U.S. Department of State

Daily Press Briefing


Tuesday, September 7, 1999

Briefer: James P. Rubin

1-5	Situation very disturbing; Embassy assisting Americans to leave;
	 productive relations with international community are at stake; UN
	 special delegation will assess situation; Indonesian government
	 must either control situation or invite assistance from
	 international community. 

IRAQ 5 UN Security Council permanent members have been meeting for some time, and US expects that to continue.

NORTH KOREA 5;6-7 Bilateral meetings have just begun; sea boundary dispute came up in general officer talks last week in Panmunjom.

INDIA (KASHMIR) 5-6 US looks forward to working with new government when it is formed in October; US takes no position on elections in Kashmir.

GREECE 6 Preliminary reports mention casualties in today's earthquake; no Americans reported injured

PARAGUAY 7 Dispute has arisen with Argentina, Uruguay over extradition of Gen. Oviedo.
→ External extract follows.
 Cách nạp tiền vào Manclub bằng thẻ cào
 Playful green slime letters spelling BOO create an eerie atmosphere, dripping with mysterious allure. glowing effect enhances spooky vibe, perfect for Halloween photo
ISRAEL 8 US has raised subject of torture of prisoners during interrogation bilaterally, and have noted it on many occasions in our annual human rights reports.

RUSSIA (DAGESTAN) 8 US deplores cowardly bombing; US condemns attacks against lawful authority, use of force against civilians.

CUBA 9 US has seen press reports on a ban on return of individuals who left illegally after 1994; US migration policy is working.


DPB #117


TUESDAY, SEPTEMBER 7, 1999, 1:22 P.M.


MR. RUBIN: Welcome to the State Department briefing. I have no statements; I have no announcements; I only have my presence here to answer your questions.

QUESTION: We'd be interested, I think, in the latest on East Timor, including any thoughts you may have on ways in which you might be showing your displeasure with the Indonesians for the lack of order in East Timor.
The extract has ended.